# What the exercise asks
The answer must consist only of the lines from the line with "See It Through" to the line with "( FREE BOX )", both included, exactly as they stand below.

Saved data entries:
* * * *

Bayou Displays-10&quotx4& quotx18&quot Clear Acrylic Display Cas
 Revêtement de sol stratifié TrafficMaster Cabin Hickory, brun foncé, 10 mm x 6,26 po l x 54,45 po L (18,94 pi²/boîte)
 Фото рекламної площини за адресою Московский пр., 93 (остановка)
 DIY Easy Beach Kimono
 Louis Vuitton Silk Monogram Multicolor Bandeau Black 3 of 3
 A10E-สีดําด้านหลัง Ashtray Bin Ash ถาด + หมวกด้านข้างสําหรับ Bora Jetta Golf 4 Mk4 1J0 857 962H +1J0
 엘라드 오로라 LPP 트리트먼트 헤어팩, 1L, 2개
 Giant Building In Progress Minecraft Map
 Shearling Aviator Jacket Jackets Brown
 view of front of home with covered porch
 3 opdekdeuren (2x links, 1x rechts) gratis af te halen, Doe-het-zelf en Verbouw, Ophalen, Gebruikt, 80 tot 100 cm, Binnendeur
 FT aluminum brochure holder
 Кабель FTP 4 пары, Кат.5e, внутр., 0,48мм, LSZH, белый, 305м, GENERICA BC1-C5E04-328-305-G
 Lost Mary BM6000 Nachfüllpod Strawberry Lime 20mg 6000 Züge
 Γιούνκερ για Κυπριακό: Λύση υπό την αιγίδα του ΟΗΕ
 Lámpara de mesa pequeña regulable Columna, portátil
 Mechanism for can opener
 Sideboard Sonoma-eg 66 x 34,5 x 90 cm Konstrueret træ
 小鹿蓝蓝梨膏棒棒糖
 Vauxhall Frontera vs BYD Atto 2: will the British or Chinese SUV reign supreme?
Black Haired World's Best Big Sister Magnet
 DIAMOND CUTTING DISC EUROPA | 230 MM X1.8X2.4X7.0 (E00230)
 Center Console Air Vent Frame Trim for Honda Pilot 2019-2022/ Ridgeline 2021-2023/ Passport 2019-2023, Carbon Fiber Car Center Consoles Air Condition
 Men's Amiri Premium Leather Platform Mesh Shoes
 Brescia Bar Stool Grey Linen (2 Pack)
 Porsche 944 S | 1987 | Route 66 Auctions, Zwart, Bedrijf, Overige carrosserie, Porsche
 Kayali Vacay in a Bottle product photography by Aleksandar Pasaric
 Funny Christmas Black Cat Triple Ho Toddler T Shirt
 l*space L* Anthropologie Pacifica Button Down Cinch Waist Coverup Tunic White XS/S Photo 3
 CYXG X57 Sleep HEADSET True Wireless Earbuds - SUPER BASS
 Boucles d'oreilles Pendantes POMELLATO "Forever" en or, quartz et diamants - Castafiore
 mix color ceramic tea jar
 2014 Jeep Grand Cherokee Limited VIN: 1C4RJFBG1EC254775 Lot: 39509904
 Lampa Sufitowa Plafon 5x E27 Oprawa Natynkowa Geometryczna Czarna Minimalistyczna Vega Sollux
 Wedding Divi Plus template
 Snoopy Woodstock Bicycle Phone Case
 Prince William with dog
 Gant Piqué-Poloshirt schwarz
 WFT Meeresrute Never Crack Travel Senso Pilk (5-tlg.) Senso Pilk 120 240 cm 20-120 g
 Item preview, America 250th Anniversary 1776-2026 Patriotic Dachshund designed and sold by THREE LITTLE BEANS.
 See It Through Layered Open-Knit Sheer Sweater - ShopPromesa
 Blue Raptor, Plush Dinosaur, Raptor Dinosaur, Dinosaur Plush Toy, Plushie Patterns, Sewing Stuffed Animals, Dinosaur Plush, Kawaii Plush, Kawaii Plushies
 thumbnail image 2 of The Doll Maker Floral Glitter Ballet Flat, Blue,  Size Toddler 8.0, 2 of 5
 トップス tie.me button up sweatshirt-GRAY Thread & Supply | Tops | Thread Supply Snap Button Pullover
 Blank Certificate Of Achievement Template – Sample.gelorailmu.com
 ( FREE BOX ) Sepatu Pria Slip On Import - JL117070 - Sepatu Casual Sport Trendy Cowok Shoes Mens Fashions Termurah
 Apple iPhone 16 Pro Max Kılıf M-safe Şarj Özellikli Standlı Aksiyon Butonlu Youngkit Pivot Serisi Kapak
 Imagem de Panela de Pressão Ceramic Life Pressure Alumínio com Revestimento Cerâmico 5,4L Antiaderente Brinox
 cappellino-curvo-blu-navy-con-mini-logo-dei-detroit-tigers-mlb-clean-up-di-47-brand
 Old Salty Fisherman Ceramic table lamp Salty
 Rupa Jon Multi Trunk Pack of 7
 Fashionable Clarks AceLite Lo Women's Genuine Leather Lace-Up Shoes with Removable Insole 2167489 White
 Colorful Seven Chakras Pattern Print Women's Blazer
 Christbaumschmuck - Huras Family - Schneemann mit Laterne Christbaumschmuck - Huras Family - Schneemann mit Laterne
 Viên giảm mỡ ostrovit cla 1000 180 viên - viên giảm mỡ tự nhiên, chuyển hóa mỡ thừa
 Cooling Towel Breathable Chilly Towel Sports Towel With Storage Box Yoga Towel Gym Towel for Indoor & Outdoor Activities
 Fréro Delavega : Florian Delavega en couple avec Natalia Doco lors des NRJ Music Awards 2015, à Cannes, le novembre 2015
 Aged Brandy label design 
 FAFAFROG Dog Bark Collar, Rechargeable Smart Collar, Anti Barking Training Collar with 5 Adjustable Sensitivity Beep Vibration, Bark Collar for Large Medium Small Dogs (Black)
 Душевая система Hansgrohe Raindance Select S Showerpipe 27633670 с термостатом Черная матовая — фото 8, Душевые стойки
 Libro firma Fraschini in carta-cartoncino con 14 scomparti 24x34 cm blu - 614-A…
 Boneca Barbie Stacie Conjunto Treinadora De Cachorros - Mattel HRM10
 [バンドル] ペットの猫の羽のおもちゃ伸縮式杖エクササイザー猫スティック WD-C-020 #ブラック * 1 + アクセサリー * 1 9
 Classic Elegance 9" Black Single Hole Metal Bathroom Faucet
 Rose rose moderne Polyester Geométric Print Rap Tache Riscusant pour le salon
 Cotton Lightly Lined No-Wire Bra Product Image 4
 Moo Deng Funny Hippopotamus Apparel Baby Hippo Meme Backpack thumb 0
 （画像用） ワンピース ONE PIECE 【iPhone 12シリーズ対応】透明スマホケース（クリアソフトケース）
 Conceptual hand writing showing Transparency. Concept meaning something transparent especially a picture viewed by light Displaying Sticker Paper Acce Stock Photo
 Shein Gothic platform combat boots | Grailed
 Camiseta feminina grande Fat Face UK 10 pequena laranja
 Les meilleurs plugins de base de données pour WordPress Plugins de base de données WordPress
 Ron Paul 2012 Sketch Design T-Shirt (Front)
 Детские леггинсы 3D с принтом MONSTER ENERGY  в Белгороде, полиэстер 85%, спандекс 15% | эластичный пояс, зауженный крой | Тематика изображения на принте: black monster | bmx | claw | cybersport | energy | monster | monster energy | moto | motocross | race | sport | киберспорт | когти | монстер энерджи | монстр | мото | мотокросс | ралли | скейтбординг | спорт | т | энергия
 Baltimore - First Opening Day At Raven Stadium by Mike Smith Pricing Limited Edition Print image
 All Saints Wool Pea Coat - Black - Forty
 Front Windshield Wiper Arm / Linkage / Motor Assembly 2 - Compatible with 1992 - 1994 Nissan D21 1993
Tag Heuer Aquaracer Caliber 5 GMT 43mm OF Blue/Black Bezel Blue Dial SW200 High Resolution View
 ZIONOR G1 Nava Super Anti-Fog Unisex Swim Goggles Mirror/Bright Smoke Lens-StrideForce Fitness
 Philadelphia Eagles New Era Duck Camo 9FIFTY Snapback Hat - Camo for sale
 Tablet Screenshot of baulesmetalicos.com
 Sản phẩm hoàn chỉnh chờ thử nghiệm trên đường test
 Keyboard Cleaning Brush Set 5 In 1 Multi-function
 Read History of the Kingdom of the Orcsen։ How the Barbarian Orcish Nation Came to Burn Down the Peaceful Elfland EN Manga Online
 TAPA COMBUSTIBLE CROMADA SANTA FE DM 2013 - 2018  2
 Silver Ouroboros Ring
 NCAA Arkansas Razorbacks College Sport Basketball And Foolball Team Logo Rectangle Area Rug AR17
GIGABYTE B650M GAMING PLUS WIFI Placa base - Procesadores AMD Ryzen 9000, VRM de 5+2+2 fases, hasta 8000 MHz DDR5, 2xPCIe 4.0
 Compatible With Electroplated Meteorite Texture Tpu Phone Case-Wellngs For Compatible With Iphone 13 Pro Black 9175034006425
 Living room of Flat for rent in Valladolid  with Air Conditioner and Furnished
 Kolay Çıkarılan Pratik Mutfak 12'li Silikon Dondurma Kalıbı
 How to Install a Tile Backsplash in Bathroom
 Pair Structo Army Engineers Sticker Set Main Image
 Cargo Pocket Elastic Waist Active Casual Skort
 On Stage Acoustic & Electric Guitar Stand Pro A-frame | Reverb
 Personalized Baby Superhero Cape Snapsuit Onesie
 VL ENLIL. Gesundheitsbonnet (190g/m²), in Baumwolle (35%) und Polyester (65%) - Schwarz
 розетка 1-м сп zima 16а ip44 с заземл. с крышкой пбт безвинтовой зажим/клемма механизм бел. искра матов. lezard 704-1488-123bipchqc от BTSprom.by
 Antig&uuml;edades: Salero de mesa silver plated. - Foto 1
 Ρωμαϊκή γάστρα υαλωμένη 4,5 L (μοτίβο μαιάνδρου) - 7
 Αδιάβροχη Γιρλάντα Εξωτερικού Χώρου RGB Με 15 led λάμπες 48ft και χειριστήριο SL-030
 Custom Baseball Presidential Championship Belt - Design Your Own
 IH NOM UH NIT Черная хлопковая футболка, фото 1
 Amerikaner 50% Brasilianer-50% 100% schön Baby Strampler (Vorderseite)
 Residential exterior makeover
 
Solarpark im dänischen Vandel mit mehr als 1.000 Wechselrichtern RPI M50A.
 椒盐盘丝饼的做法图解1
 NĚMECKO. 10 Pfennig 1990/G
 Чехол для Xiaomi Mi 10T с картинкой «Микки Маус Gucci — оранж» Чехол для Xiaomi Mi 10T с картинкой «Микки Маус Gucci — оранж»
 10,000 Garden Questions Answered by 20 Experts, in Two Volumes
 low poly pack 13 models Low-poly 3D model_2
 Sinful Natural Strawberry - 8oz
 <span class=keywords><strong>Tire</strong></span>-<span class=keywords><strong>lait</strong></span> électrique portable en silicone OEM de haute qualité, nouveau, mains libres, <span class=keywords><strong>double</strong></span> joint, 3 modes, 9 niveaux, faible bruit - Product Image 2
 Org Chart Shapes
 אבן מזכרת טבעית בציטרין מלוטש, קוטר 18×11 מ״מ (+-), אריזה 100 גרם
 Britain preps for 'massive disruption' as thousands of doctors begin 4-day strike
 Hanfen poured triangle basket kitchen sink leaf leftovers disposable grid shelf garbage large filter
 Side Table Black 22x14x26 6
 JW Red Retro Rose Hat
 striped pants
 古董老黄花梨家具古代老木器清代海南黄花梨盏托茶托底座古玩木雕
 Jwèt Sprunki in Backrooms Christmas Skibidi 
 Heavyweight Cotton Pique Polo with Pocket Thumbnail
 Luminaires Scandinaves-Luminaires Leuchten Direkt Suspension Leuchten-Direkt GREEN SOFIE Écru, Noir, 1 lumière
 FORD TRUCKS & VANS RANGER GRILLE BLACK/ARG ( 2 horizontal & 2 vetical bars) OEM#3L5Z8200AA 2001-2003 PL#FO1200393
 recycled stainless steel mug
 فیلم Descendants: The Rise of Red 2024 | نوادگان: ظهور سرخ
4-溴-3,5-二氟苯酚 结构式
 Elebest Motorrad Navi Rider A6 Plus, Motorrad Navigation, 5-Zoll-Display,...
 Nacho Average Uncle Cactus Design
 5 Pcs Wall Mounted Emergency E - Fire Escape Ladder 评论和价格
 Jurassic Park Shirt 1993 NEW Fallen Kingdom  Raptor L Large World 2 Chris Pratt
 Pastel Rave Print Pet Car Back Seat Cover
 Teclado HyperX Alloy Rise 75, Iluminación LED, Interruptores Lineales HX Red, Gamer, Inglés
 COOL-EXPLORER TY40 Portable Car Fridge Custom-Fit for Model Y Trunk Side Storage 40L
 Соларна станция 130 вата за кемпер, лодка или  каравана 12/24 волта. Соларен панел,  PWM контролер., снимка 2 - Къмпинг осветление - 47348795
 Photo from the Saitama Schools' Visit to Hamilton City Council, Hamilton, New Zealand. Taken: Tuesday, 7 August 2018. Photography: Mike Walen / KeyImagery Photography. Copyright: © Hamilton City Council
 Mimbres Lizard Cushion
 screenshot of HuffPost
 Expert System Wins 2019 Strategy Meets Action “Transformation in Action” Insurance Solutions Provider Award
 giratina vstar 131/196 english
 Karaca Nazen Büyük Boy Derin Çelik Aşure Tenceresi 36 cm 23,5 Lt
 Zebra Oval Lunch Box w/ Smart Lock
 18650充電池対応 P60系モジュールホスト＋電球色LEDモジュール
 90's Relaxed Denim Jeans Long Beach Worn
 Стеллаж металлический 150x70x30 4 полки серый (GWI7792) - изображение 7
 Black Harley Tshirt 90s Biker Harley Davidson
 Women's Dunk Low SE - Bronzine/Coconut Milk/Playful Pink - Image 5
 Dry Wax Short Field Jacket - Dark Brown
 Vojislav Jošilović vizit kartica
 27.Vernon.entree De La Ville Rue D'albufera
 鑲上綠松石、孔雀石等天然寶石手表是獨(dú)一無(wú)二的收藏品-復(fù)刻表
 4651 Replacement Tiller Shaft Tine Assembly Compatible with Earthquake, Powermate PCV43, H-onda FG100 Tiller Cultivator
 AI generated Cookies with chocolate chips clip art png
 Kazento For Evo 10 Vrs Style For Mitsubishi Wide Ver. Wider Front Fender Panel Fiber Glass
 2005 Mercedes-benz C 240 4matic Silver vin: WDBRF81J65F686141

* * * *

# Expected answer
 See It Through Layered Open-Knit Sheer Sweater - ShopPromesa
 Blue Raptor, Plush Dinosaur, Raptor Dinosaur, Dinosaur Plush Toy, Plushie Patterns, Sewing Stuffed Animals, Dinosaur Plush, Kawaii Plush, Kawaii Plushies
 thumbnail image 2 of The Doll Maker Floral Glitter Ballet Flat, Blue,  Size Toddler 8.0, 2 of 5
 トップス tie.me button up sweatshirt-GRAY Thread & Supply | Tops | Thread Supply Snap Button Pullover
 Blank Certificate Of Achievement Template – Sample.gelorailmu.com
 ( FREE BOX ) Sepatu Pria Slip On Import - JL117070 - Sepatu Casual Sport Trendy Cowok Shoes Mens Fashions Termurah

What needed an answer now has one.